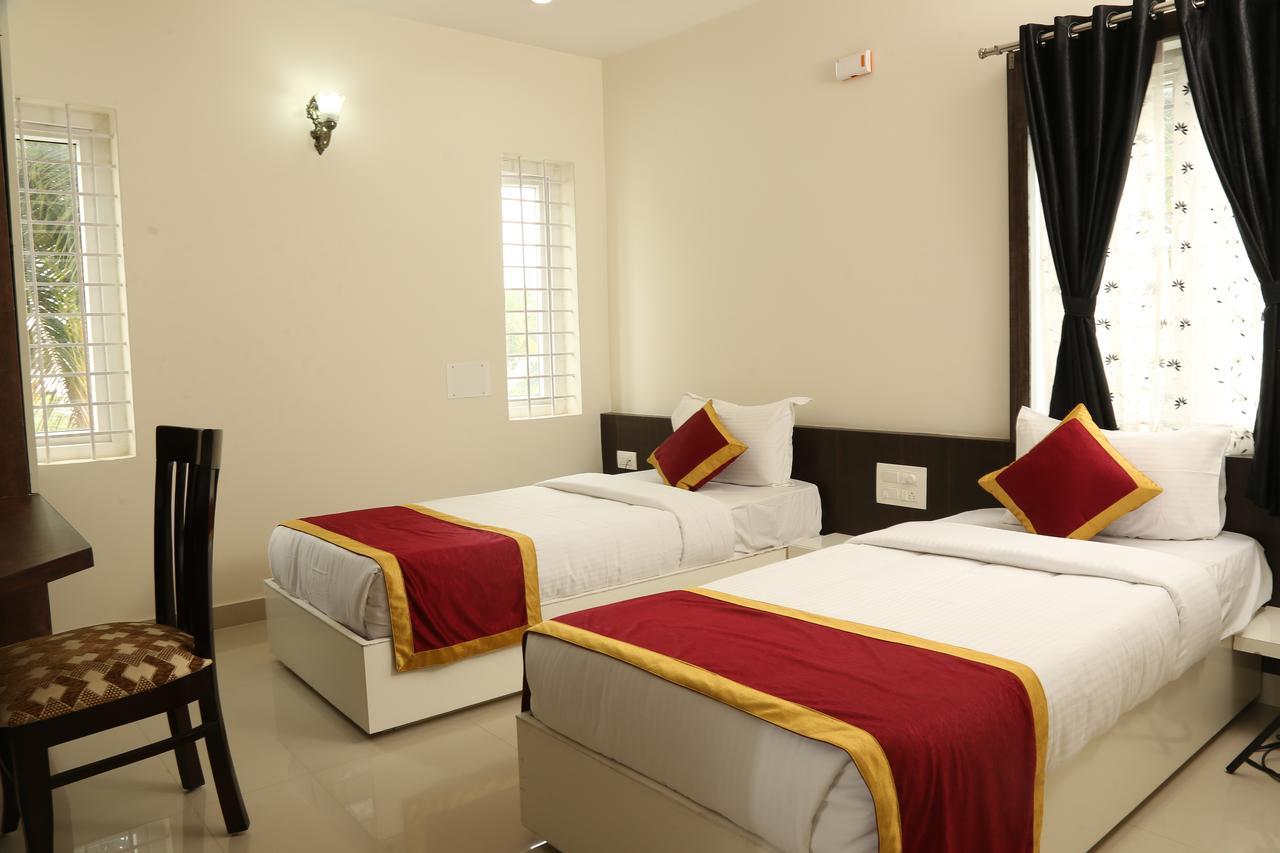Amber Castle Hotel Hassan Luaran gambar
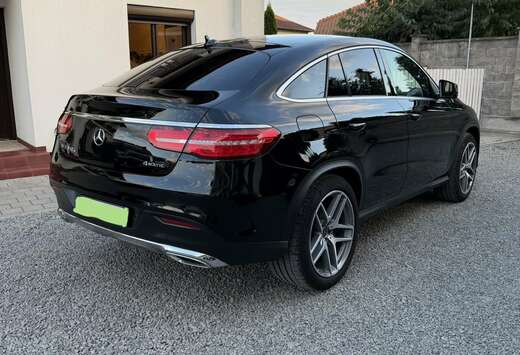 Mercedes-Benz GLE 350d , Coupe Pack AMG 2018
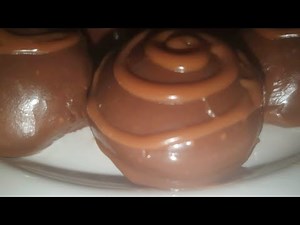 Chocolate biscuits balls recipe - طريقه عمل كرات الشكولاته و البسكوت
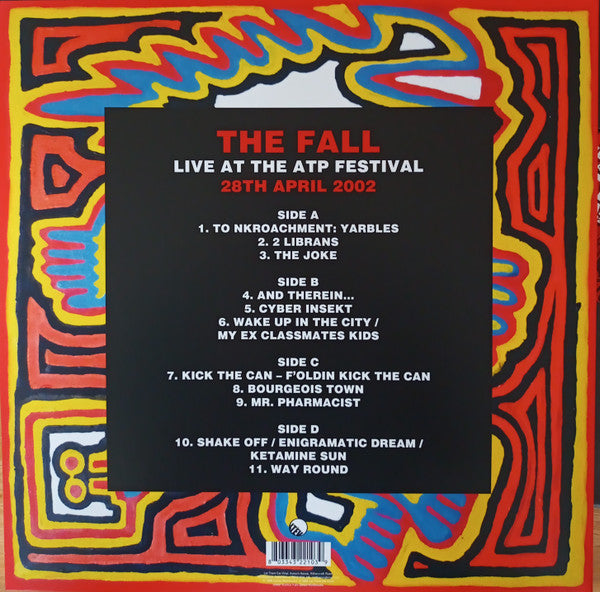 The Fall : Live At The ATP Festival - 28th April 2002 (2xLP, RE, Gat)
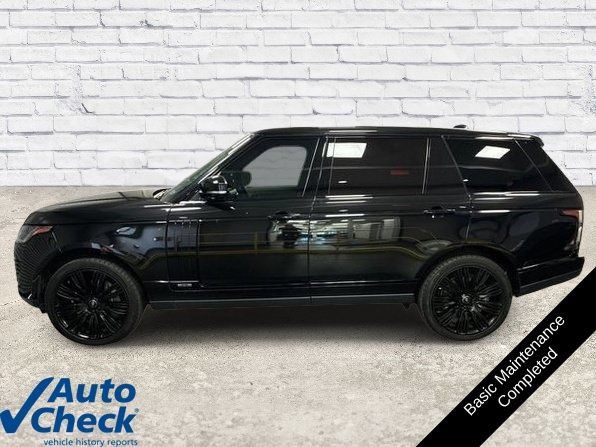 Used 2021 Land Rover Range Rover P525 Westminster Edition LWB AWD/4WD image 2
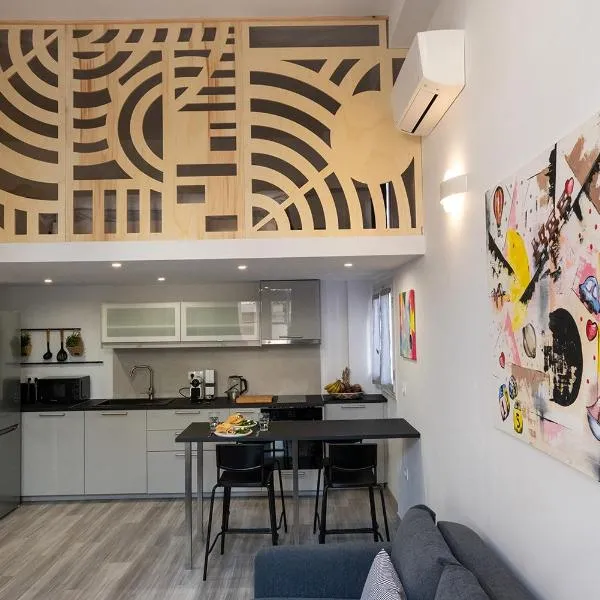 Central Suites Aegina 1, hotel in Aegina Town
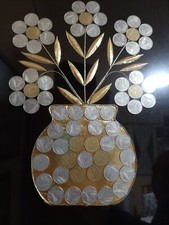 Quadro Con Monete Da 10 Lire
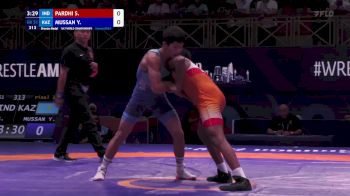 51 kg Final 3-5 - Sainath Pardhi, India vs Yerassyl Mussan, Kazakhstan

------------

Exercise prompt: Take the line containing "Central Suites Aegina" as the first and the last line of the records as the end. Print every line in that span exactly, leaving out pictures.

Your response:
 Central Suites Aegina 1, hotel in Aegina Town
 Quadro Con Monete Da 10 Lire
 51 kg Final 3-5 - Sainath Pardhi, India vs Yerassyl Mussan, Kazakhstan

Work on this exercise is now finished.